» **EXERCISE INPUTS**:

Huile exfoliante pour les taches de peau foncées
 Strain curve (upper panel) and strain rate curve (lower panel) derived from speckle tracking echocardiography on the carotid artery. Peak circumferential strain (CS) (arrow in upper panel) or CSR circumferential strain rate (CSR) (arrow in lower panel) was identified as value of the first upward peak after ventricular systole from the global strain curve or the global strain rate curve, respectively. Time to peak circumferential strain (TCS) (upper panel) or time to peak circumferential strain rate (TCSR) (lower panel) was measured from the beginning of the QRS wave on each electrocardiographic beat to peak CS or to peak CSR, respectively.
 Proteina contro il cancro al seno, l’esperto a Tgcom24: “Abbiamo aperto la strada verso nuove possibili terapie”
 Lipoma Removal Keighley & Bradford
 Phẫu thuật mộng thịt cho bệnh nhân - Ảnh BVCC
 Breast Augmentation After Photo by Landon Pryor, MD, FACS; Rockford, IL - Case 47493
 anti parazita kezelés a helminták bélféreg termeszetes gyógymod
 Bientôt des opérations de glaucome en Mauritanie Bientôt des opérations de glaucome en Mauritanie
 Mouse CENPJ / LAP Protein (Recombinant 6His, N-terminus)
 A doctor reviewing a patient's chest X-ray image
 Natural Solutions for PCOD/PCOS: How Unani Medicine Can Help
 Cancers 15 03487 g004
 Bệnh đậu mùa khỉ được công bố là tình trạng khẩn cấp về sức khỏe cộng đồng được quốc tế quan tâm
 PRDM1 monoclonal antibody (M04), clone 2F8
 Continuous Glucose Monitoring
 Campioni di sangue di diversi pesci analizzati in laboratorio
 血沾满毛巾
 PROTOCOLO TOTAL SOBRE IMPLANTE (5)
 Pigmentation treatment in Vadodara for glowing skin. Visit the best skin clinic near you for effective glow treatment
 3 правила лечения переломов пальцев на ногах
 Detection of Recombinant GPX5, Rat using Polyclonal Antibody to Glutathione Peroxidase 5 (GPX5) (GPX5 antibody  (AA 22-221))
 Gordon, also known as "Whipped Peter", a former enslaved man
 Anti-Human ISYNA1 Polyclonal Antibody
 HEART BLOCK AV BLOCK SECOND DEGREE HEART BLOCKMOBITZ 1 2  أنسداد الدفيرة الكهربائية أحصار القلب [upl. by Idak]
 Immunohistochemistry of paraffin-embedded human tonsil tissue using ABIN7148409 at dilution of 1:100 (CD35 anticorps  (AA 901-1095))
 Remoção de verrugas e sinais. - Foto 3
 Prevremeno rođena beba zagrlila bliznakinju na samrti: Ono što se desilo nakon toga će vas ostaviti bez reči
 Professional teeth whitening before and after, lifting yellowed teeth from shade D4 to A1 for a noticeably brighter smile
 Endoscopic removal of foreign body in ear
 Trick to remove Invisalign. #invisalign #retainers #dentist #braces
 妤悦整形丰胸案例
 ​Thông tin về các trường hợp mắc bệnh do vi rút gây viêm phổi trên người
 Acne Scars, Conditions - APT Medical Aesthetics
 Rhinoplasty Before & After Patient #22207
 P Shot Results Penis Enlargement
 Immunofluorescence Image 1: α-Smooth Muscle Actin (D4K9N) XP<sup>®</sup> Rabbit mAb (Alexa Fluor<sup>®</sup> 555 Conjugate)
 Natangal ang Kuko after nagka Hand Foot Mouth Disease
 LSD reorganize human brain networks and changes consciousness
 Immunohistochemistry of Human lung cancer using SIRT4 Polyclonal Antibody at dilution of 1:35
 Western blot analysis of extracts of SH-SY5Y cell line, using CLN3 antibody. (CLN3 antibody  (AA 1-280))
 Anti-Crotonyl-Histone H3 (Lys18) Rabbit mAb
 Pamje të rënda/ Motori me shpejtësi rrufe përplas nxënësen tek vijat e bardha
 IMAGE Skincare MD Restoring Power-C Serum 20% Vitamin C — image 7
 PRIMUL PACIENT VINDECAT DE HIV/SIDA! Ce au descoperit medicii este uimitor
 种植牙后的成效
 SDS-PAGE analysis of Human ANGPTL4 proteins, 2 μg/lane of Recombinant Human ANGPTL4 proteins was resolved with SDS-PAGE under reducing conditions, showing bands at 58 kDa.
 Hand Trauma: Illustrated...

» **ASSIGNMENT**:
Retype, in the same exact form, the lines of the material above from the line holding "Prevremeno rođena beba" through the line holding "Endoscopic removal of foreign body in ear".

» **RESULT FOR THIS EXERCISE**:
 Prevremeno rođena beba zagrlila bliznakinju na samrti: Ono što se desilo nakon toga će vas ostaviti bez reči
 Professional teeth whitening before and after, lifting yellowed teeth from shade D4 to A1 for a noticeably brighter smile
 Endoscopic removal of foreign body in ear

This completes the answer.